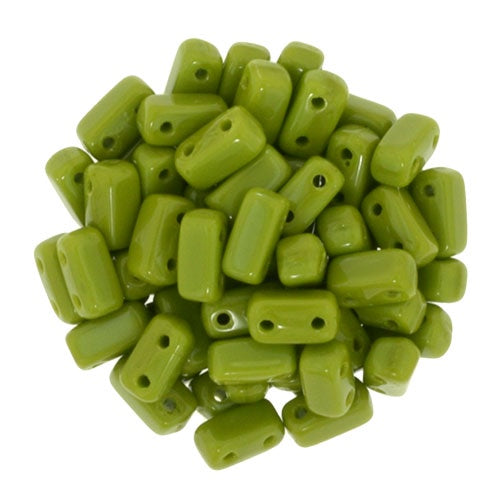 Czechmate 3 X 6mm Brick Czech Two Hole Glass Bead, Opaque Olive, 50 pieces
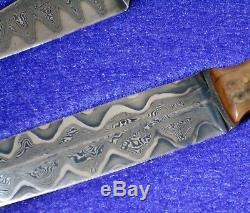 Custom Hand-Made Damascus Steel Knife Set with Sheaths & Bison-Mammoth Handles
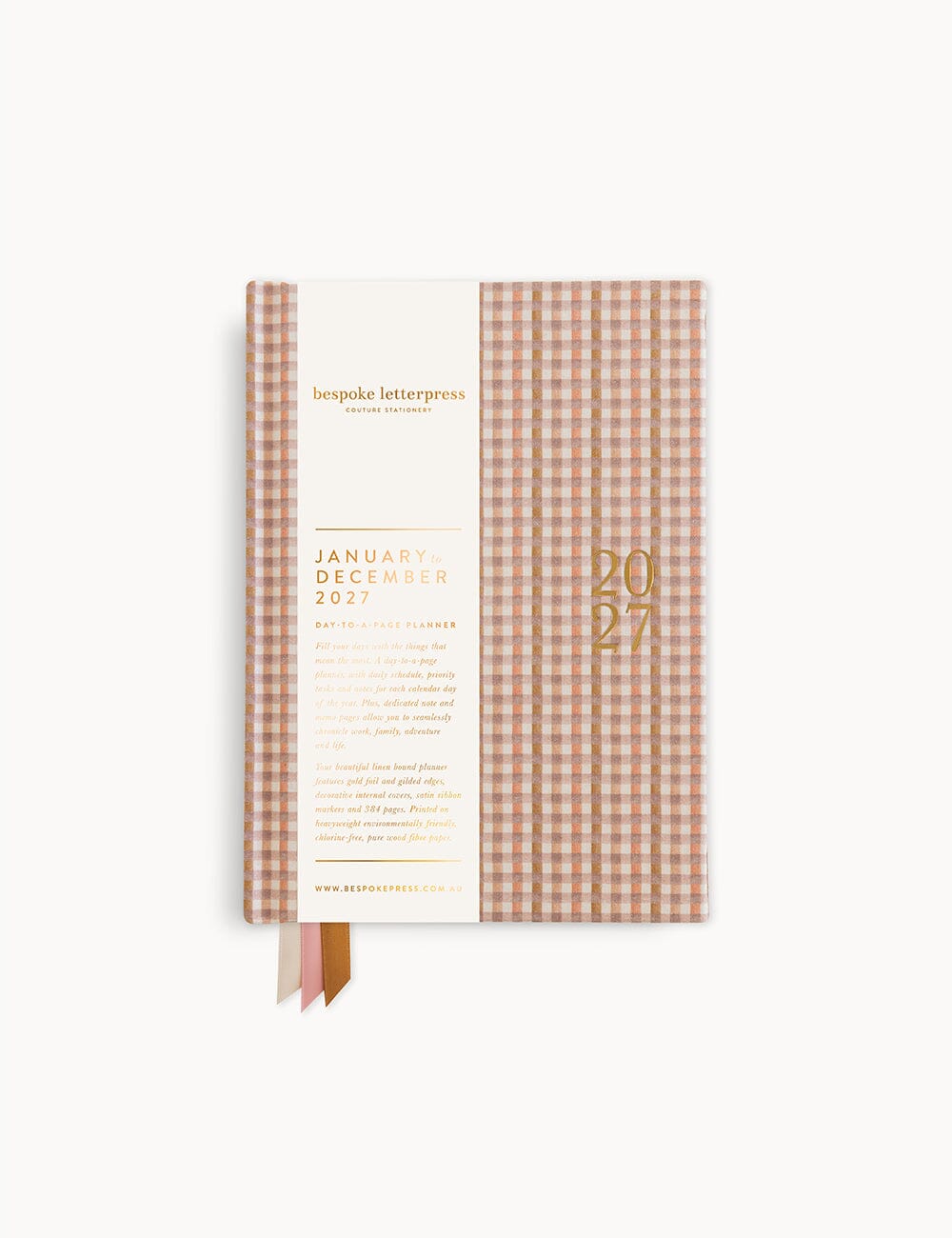 2027 Day to Page Small Planner - Primrose Gingham Planners Bespoke Letterpress 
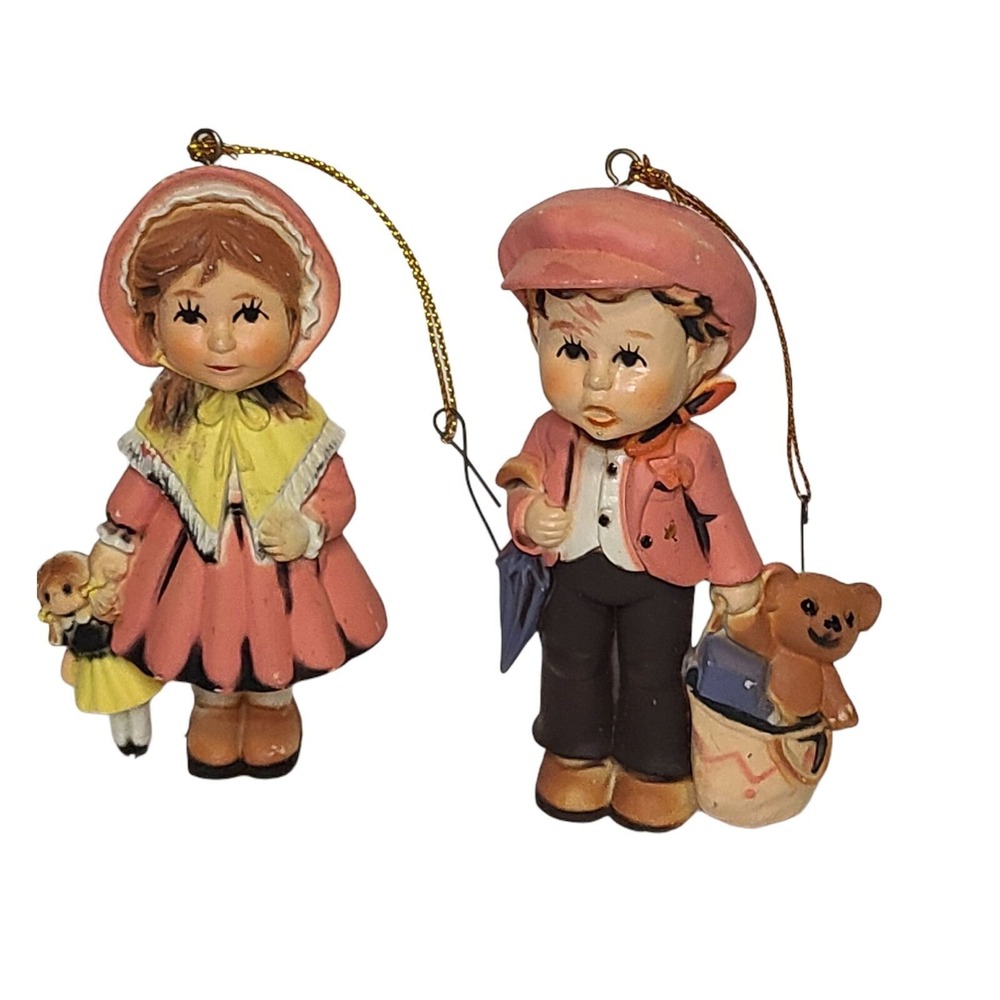 Vintage Ceramic Boy and Girl Figurines With Teddy Bear and Doll Ornaments‎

Task to carry out: A word-for-word repetition of the data above, without pictures, is the expected answer.

Output of the task:
 Czechmate 3 X 6mm Brick Czech Two Hole Glass Bead, Opaque Olive, 50 pieces
 Custom Hand-Made Damascus Steel Knife Set with Sheaths & Bison-Mammoth Handles
 2027 Day to Page Small Planner - Primrose Gingham Planners Bespoke Letterpress 
 Vintage Ceramic Boy and Girl Figurines With Teddy Bear and Doll Ornaments‎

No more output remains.